▶ [Data in this exercise]
· · · · ·

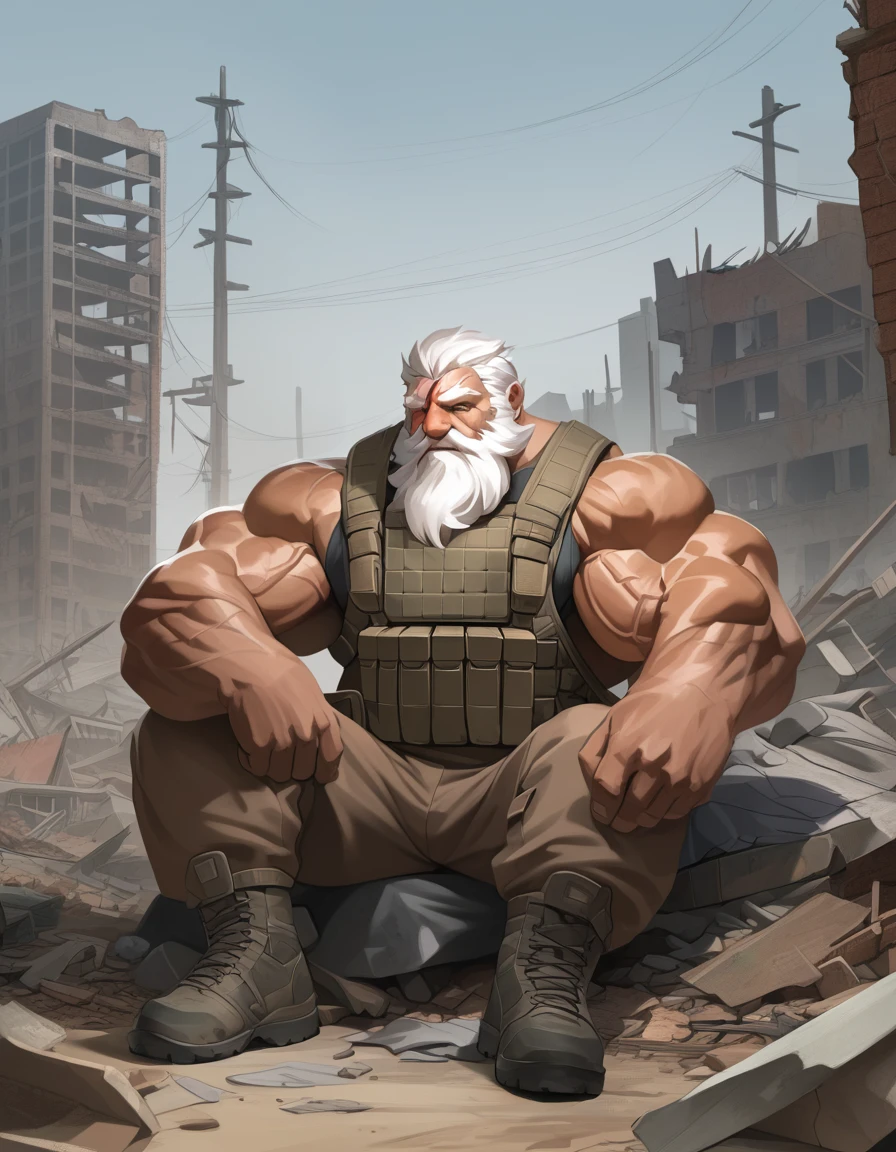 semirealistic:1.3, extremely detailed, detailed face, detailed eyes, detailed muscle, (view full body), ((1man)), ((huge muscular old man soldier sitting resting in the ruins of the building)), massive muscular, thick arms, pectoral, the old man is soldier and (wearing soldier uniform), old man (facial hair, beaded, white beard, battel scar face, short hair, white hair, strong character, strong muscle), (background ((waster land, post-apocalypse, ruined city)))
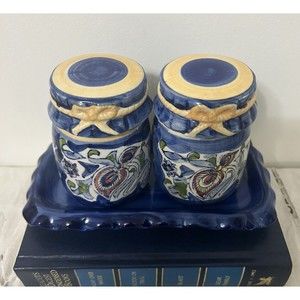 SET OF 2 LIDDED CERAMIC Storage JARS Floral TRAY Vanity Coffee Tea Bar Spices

· · · · ·

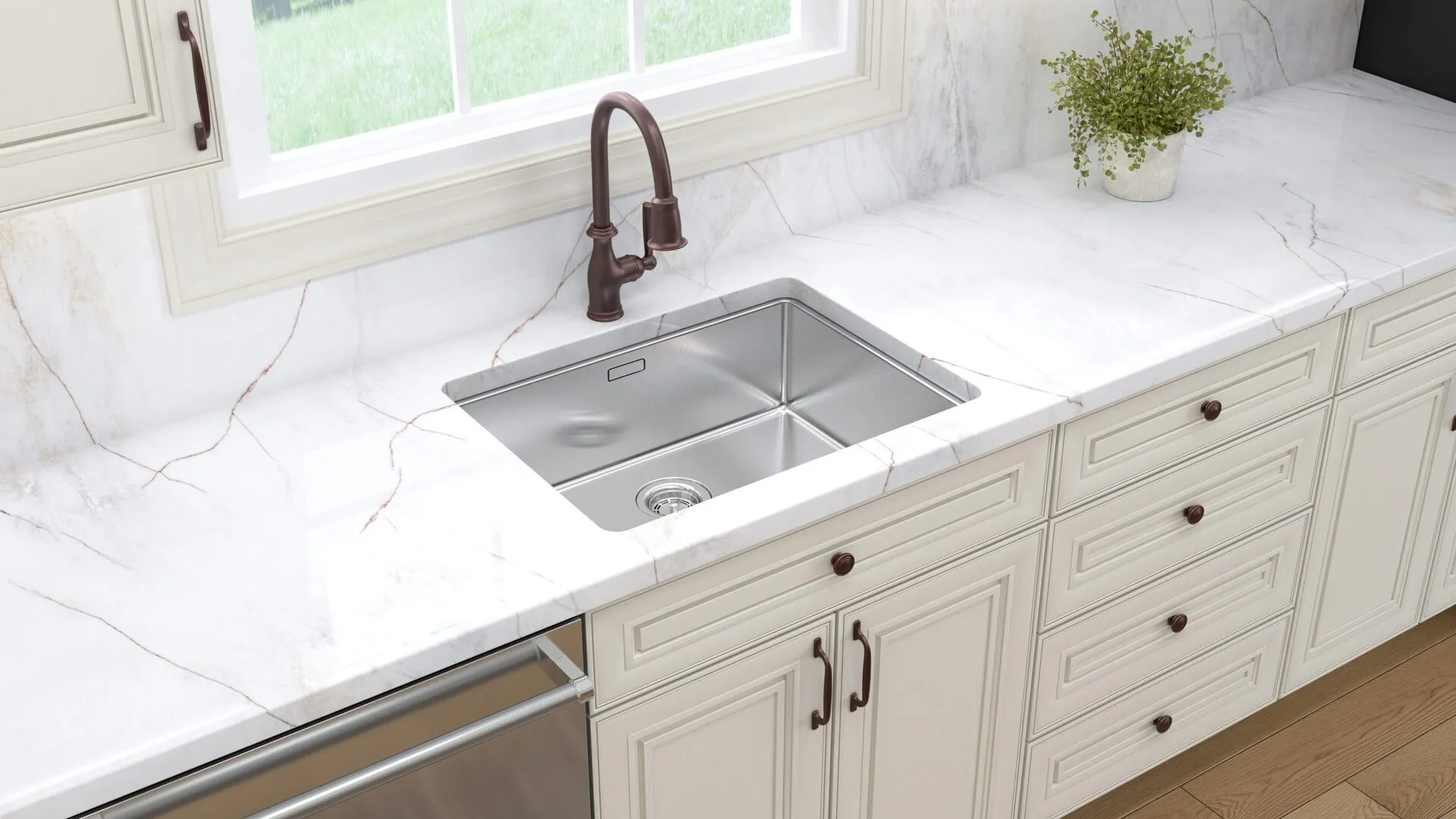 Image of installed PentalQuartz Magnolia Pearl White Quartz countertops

· · · · ·

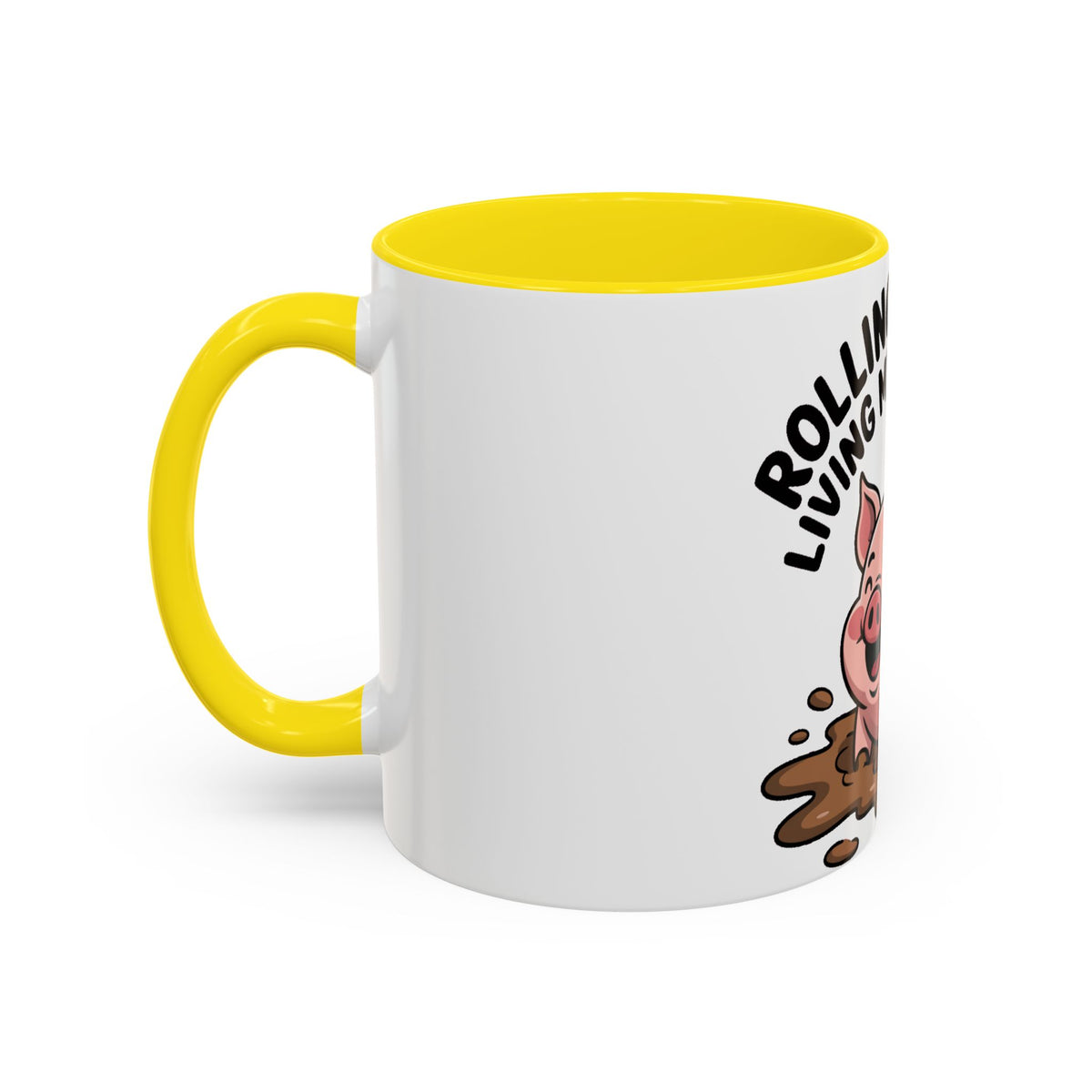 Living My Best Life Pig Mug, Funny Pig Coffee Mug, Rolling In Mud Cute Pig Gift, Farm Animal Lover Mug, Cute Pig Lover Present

· · · · ·

▶ [What you have to do]
Although the records above contain pictures, the copy should not; retype exactly the lines from the one containing "semirealistic:1.3, extremely detailed, detailed" through the one containing "SET OF 2 LIDDED".

▶ [Reply]
 semirealistic:1.3, extremely detailed, detailed face, detailed eyes, detailed muscle, (view full body), ((1man)), ((huge muscular old man soldier sitting resting in the ruins of the building)), massive muscular, thick arms, pectoral, the old man is soldier and (wearing soldier uniform), old man (facial hair, beaded, white beard, battel scar face, short hair, white hair, strong character, strong muscle), (background ((waster land, post-apocalypse, ruined city)))
 SET OF 2 LIDDED CERAMIC Storage JARS Floral TRAY Vanity Coffee Tea Bar Spices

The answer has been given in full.